D’autant que le foie gras séduit toujours, l’adhésion ne décroche pas et « on vend autant que ce qu’on produit ». Ce qui est moins le cas sur les produits viandes. « Cela vient surtout des restaurateurs qui, face aux problèmes d’approvisionnement, ne travaillent plus, ou moins, le produit. Heureusement, la conservation tamponne cet effet », analyse Alexandre Léon.
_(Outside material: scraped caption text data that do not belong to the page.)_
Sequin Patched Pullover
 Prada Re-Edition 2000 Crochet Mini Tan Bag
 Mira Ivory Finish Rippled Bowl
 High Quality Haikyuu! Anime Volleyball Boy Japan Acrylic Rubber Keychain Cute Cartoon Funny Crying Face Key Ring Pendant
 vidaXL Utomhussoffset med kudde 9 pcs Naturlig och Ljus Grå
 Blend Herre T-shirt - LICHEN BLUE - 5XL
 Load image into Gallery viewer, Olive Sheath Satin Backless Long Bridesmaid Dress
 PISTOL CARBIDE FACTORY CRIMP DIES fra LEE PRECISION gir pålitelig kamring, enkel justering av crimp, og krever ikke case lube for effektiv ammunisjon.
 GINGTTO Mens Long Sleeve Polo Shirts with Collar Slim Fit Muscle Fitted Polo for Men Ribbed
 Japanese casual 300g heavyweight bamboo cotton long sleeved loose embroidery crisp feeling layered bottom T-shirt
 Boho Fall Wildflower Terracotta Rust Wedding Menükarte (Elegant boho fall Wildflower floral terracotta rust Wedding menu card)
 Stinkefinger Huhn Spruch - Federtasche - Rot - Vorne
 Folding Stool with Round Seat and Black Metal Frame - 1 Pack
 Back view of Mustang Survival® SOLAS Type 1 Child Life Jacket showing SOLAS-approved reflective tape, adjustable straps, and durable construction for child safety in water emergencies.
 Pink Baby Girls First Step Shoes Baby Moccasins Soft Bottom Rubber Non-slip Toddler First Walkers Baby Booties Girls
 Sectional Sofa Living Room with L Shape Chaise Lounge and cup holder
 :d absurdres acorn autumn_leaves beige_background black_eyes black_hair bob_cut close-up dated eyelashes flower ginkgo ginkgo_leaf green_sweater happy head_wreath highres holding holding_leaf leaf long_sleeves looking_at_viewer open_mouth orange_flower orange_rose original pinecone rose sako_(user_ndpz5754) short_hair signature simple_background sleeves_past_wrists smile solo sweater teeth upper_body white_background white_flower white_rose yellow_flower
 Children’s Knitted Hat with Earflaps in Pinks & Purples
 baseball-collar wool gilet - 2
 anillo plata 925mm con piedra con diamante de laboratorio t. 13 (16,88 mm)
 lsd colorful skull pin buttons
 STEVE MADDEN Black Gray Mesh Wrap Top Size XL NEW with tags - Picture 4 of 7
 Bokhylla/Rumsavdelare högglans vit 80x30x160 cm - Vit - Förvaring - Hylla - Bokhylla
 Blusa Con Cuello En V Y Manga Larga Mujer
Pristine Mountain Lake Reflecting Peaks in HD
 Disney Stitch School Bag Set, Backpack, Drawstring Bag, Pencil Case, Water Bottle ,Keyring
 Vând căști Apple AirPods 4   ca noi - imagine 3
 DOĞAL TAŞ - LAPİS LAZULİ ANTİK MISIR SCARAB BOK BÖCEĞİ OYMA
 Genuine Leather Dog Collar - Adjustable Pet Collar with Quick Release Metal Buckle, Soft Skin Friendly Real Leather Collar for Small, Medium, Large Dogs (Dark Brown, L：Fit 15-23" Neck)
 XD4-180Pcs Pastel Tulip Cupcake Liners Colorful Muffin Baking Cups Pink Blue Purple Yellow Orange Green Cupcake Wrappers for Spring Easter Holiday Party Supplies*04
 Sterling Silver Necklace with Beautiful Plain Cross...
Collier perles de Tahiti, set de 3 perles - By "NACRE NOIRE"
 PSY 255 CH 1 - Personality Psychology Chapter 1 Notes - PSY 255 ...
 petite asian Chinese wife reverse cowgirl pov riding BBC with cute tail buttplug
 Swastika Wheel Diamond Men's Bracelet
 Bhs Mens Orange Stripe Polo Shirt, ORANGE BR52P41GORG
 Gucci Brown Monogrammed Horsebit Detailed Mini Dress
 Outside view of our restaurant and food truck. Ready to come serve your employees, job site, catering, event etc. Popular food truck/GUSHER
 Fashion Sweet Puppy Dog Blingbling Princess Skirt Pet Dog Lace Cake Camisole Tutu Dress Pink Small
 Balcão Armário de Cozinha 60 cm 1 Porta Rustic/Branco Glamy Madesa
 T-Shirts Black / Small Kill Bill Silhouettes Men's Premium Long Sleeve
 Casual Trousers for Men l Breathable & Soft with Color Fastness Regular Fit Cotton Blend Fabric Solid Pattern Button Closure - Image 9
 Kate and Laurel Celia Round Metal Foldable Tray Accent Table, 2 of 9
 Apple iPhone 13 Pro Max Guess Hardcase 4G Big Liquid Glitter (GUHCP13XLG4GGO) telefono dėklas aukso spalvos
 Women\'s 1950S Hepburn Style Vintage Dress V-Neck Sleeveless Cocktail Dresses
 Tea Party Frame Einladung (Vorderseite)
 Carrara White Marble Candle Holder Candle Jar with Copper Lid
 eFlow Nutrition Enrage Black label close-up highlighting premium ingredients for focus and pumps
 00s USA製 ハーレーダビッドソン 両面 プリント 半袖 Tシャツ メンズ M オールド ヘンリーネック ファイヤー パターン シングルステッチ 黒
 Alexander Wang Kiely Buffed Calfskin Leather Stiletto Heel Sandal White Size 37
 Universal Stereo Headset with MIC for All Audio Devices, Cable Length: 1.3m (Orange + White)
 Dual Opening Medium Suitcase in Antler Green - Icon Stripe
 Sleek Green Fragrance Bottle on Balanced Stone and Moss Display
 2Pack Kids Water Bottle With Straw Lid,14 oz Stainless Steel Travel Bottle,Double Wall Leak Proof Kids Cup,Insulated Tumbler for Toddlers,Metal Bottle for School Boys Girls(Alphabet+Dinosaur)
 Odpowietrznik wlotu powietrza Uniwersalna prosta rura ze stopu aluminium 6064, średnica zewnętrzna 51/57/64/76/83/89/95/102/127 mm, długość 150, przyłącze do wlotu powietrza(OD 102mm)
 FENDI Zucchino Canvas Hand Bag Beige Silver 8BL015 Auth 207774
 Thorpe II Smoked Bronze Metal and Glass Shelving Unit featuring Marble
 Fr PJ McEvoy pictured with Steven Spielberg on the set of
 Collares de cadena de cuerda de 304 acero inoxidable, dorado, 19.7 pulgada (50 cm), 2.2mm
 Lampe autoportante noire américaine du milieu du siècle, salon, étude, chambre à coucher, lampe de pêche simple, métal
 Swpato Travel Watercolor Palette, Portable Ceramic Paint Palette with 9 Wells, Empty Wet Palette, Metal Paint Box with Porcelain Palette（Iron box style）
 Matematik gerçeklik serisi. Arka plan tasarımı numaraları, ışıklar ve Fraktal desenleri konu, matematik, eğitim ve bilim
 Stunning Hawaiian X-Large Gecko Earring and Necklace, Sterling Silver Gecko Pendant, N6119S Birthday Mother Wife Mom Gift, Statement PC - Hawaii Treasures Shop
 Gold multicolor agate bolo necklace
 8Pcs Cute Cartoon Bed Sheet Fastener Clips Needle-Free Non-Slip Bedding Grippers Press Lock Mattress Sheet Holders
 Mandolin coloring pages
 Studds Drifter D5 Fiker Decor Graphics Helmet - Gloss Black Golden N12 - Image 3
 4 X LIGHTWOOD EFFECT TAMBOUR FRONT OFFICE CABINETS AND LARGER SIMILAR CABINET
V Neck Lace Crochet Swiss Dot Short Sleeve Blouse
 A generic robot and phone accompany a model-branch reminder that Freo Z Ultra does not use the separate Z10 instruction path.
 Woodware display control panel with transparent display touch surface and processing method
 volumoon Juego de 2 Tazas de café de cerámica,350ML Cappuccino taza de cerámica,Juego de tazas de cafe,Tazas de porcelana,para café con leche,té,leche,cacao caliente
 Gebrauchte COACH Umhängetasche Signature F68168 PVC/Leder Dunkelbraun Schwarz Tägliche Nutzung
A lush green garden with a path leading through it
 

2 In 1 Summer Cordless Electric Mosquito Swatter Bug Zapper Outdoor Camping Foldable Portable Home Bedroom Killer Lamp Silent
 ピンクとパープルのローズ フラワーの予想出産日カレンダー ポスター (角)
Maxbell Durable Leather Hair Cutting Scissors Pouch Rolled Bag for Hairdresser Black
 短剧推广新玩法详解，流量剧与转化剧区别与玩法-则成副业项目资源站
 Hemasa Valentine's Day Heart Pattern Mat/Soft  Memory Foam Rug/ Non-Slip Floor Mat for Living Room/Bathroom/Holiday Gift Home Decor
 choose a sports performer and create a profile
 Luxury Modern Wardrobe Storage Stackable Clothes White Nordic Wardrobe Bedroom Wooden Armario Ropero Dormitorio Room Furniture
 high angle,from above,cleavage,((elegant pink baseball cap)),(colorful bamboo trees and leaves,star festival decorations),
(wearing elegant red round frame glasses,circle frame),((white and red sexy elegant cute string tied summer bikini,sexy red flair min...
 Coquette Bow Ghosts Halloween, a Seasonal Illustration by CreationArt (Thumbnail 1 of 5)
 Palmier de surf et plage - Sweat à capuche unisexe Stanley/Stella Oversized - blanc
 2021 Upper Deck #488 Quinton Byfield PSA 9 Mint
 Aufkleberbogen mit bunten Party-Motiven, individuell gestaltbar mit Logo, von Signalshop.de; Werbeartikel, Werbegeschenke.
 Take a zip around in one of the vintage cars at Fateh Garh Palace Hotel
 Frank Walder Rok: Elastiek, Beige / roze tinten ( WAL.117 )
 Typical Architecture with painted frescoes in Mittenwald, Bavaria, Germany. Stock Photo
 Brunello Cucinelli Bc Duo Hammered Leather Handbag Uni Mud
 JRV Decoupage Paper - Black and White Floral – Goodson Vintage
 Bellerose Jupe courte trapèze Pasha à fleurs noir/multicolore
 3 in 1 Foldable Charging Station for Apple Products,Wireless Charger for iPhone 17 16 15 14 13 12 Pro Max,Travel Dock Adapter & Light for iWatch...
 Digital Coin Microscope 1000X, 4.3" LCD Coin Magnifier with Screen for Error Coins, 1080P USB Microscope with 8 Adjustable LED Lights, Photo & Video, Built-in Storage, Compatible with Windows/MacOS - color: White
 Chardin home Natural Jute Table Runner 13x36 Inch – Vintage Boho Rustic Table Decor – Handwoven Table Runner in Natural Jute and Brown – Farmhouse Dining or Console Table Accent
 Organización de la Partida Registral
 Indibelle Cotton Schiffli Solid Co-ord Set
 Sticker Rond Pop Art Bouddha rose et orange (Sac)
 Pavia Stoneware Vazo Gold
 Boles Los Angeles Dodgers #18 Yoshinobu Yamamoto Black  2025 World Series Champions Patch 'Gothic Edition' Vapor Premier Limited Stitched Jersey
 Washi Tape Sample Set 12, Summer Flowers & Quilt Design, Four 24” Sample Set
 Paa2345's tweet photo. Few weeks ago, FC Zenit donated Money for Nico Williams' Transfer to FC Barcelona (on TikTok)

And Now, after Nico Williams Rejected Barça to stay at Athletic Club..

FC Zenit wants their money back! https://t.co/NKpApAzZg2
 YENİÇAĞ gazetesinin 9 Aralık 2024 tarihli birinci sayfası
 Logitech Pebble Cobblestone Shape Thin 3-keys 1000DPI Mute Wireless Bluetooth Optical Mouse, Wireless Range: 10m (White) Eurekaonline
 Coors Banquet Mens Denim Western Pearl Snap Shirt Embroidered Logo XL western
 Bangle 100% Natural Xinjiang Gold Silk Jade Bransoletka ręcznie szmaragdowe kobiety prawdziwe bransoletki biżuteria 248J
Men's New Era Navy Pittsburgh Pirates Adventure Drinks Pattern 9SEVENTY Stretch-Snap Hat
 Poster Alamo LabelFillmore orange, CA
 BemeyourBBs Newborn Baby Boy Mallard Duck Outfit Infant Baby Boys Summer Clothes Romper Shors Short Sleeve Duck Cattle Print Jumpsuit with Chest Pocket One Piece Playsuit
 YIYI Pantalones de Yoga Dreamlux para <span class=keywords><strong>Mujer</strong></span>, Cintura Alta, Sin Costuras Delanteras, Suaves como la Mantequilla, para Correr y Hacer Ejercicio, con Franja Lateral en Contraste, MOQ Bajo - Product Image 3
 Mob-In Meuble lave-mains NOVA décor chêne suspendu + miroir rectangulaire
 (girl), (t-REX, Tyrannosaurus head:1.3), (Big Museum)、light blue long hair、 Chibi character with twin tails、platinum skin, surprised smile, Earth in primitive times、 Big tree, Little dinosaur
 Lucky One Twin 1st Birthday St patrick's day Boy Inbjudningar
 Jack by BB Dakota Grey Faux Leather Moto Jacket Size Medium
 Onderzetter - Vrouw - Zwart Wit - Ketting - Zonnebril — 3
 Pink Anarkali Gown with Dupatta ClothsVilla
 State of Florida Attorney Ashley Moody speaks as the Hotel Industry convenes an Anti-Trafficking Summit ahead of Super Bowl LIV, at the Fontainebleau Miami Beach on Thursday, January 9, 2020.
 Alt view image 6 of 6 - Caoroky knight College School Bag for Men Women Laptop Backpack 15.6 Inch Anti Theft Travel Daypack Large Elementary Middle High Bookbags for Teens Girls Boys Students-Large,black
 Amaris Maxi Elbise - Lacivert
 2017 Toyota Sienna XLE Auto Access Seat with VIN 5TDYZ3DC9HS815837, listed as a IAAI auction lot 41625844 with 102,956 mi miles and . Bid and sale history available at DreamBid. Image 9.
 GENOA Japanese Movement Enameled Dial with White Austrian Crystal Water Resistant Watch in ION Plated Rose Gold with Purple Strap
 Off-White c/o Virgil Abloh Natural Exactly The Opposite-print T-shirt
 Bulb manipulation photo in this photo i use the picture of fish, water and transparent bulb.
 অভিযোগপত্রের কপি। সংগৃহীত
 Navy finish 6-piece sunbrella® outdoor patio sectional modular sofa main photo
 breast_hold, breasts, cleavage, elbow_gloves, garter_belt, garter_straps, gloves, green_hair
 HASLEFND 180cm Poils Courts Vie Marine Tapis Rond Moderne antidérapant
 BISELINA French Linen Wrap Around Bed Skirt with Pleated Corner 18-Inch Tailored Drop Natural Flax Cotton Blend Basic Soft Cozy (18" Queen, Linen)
Et sur nos tables de fêtes, le foie gras a été au rendez-vous, mais pas en plus grande quantité qu’en 2022. « Du fait du peu de stocks restant en début d’année, l’offre sera sensiblement équivalente à celle de l’an dernier », détaille Marie-Pierre Pé.

La filière en chiffres

En filière longue, c’est-à-dire en groupement de production, la Dordogne compte 190 éleveurs et 90 engraisseurs

En circuit court, soit des agriculteurs indépendants, la Dordogne enregistre 250 exploitations.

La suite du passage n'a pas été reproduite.